At 8IP, we believe superior investment performance is achieved by applying an active, bottom-up approach and investing for the longer term.
We view our investments as a business owner, not just an equity holder. To achieve this, we ensure we have superior knowledge of companies through proprietary research and we apply disciplined risk management via a structured valuation-driven strategy.
At the heart of our approach are five key investment tenants:
- Valuations (price to book) determine opportunities
- Long-term value creation is driven by sustainable return on equity (RoE)
- Fundamental research confirms valuation and sustainable RoE
- Investment-led operating environment overcomes common investor behavioural weaknesses
- Minimise frictional costs.
Our investment process moves through the five key stages captured below.
1. Idea generation
Opportunities begin as an idea generated by a member of the investment team. Ideas can come from a range of sources such as:
- Themes: Market, economic, social or industry trends and developments;
- Insights: Gained from trips to the region, interaction with companies and the investment team`s knowledge of the Asia Pacific region; and
- Financials: Top-level financial screens.
2. Company research
The investment team then conducts qualitative research into companies that benefit from, or have the potential to benefit from, this idea. Research sources include:
- Public information: Publicly available information such as annual reports, media articles and thirdparty research;
- Company interaction: Direct interaction with the company including meetings with executive management and site visits; and
- Channel checks: Discussion with the company`s suppliers, customers, partners and competitors.
One of the objectives of company research is to identify whether there is Delta that is, a development, catalyst or corporate event that the broader market may have failed to recognise or completely understand. 8IP seeks to quantify the impact of these events and the difference in the Investment Manager`s expectations relative to market consensus.
3. Financial analysis
The investment team then conducts in-depth analysis of the company.
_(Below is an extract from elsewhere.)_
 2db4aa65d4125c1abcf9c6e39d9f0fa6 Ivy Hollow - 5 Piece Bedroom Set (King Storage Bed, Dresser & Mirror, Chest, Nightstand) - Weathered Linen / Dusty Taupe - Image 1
This includes:
- Financial analysis: Examination of the balance sheets, income statements and cash flow statements of the company for at least the past 10 years (where available);
- RoE analysis: Assessment of the company`s historical and projected RoE position, including the factors that contribute to RoE such as leverage, asset turnover, operating profit margins, interest exposure and tax; and
- Historic valuation: Analysis of the company`s valuation relative to its own history as well as the history of its peers and the broader market.
Ultimately, 8IP is seeking to determine the company`s sustainable RoE over time, to quantify the impact of Delta and to understand if its shares are mispriced.
4. Portfolio construction and investment
The portfolio is then constructed from the investment team`s high-conviction ideas. Consideration is given to:
- Risk/reward: The return potential of the stock relative to the potential for loss;
- Position size: The weighting of each stock as determined by the level of conviction in the sustainability of RoE and the level of mispricing; and
- Execution: Ensuring trades are conducted efficiently and in a cost effective manner. All trades are subject to pre and post-trade checks to ensure they comply with investment guidelines.
5. Monitoring and adjustments
The investment team regularly reviews securities and maintains regular contact with company management. A stock may be sold if it becomes overvalued, its fundamentals change or a more attractive opportunity arises.